Claim 5: Consider a view $v$ with an honest leader that starts after $GST$. The leader will accept all of the suggest messages that honest parties send in view $v$.

Honest parties send suggest messages that contain their $lock=(b,w)$. Before setting their $lock$ variable to $(b,w)$, honest parties receive $n-f$ accept messages with the value $b$ in view $w$. From Claim 1 about accept messages, we know that honest leaders eventually also receive those accept messages and accept the honest suggestions. A strengthening of Claim 1: if an honest party receives $n-f$ accept messages with a value $b$, then after $GST$, all parties receive $n-f$ accept messages with that value quickly (no longer than $2\Delta$ later). The protocol’s timeouts and the time the leader waits are adjusted accordingly.

Remark: This claim highlights an important property of the boosting protocol. We know that if some honest party receives $n-f$ accept messages from a given view, every honest party eventually will. We think of this process as providing a transferable proof that a value received enough support in that view.

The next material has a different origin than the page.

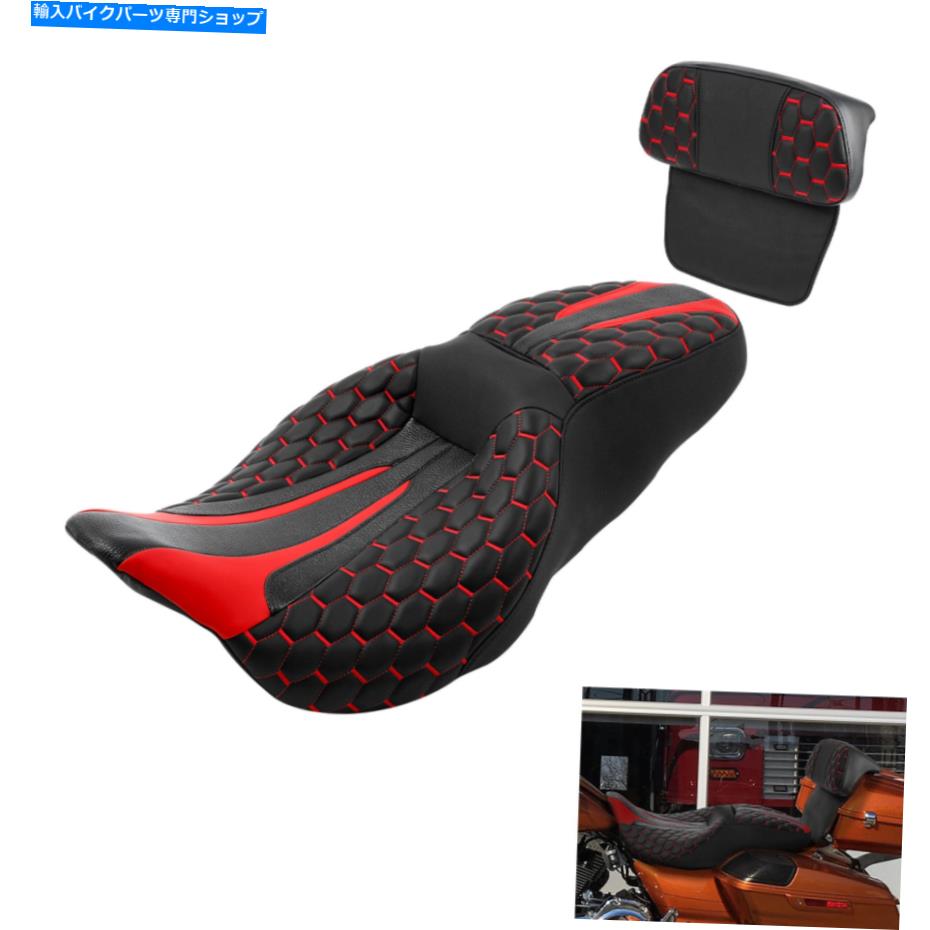 Seats ハーレーエレクトラグライド14-22 20に適したブラックレッドドライバーの助手席バックレストフィット Black Red Driver Passenger Seat Backrest Fit For Harley Electra Glide 14-22 20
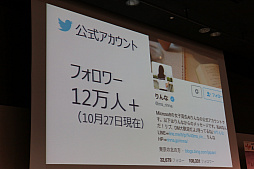 画像ギャラリー No.030のサムネイル画像 / 進化するAIによってゲームはどう変わるのか。デジタルメディア協会が主催したシンポジウムをレポート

Claim 6: Consider a view $v$ with an honest leader that started after $GST$. All honest parties send echo messages in view $v$.

Before sending a proposal, an honest leader waits $2\Delta$ time to guarantee that it hears <'suggest',(b,w),view> messages from all honest parties. From Claim 5 we know that the leader accepted the suggest messages sent by all honest parties. Since the leader chose the suggest message with the highest view, we know that $w$ is greater than or equal to all honest parties’ $lock.view$. As highlighted in the previous remark, the accept messages are transferable proofs. We know that the leader received $n-f$ accept messages with the value $b$ in view $w$, so all honest parties will receive $n-f$ such messages too. Combining these observations, every other honest party will also send an echo message with the value $b$.

After receiving $n-f$ echo messages from honest parties with the value $v$, all honest parties will send accept messages with that value. After receiving $n-f$ messages from the previous round, all honest parties send lock and then commit messages, and finally terminate.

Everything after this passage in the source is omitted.